More Motivated Sellers
Most sellers list a house in spring or summer when real estate season is at its peak. If their home is on the market in fall or winter, however, chances are the sellers will be eager to close. They may be contending with a major life change, or perhaps the home simply didn’t find a buyer during peak season. In any case, the owners may be very open to making a deal—and that’s a great reason to buy when demand is low.
More Time to Think
Bidding wars require fast action—but with fewer buyers looking, you’re less like to find yourself competing for a property. Take full advantage of the slower pace to do more comparison shopping and to mull your decision more carefully.
More Favorable Rates
Mortgage brokers and bankers have business lulls and holiday bills too—and they may be willing to cut a slightly better deal in order to get the deal done. Shop around and don’t be afraid to negotiate on interest, points, or down payments. There may be room to nudge the numbers in your favor.
More Interesting Weather
Every home looks its best on a gorgeous sunny day in May, but how will it seem when the gray months roll around? Whether it’s a rain-soaked November day or a freezing January one, the off-season will afford a clearer picture of how the house holds up under inclement conditions and how the interiors feel on gloomy days. (Of course, this may not apply if you’re looking in a place with a temperate climate year-round).
More Attention From Agents
The months from September to February are the slowest time of year for real-estate agents, and they’ll be a lot hungrier for your business. To keep your business in the slow season, they're more likely to go the extra mile in terms of searching for the right homes and helping you nail the best deal.

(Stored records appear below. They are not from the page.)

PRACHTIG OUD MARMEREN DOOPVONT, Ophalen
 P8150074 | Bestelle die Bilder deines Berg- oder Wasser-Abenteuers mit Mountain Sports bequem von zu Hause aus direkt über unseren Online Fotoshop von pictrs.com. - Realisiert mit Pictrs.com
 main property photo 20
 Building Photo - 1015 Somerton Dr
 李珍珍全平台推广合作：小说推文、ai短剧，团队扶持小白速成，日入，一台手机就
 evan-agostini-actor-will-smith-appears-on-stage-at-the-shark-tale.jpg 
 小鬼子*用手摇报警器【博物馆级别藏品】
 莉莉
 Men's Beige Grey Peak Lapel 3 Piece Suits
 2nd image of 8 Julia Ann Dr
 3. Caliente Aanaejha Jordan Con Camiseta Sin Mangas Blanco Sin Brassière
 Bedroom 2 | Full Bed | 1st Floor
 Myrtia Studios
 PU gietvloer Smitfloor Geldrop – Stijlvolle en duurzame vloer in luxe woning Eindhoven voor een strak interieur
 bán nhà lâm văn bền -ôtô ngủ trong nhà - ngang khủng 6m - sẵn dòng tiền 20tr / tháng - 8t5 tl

More Flexibility on Moving Dates
When you’re not in a heated contest against other buyers, you gain power in all kinds of areas—so if you need an earlier or later closing date, go ahead and ask. You may have the leverage to get the seller to adjust their move-out date to better fit your schedule.
More Revealing Views
Landscaping, with all its lovely flowers and leafy trees, is like makeup for a home—and it can camouflage a lot of flaws. When the leaves have dropped and the blooms have faded, the real story emerges: peeling exterior paint jobs, worn areas in the roof, foundation cracks, and other issues with the home’s exterior will be plain as day.
More Action in the Neighborhood
When school lets out for the summer, many neighbors may head out on vacation, leaving the neighborhoods feeling a bit empty. Starting in September, life kicks into gear again—so it’s a great time to visit the neighborhood school, and get a more accurate picture of the workaday atmosphere on the block.
More Handy Types Available
If you buy and move during the off-season, you’ll have terrific bargaining power with folks who can provide the services you’ll need. It’s the sleepy season for movers, house painters, and contractors, so you’re apt to get faster response times, more attention, and better prices.
More Bargains for Your New House
What’s the first thing you do when moving into a new home? Shop! You’ll need everything from a new fridge to a new rug—and, if you’re moving into your home during the holidays or later in the winter, you’ll benefit from all those seasonal specials and post-holiday sales.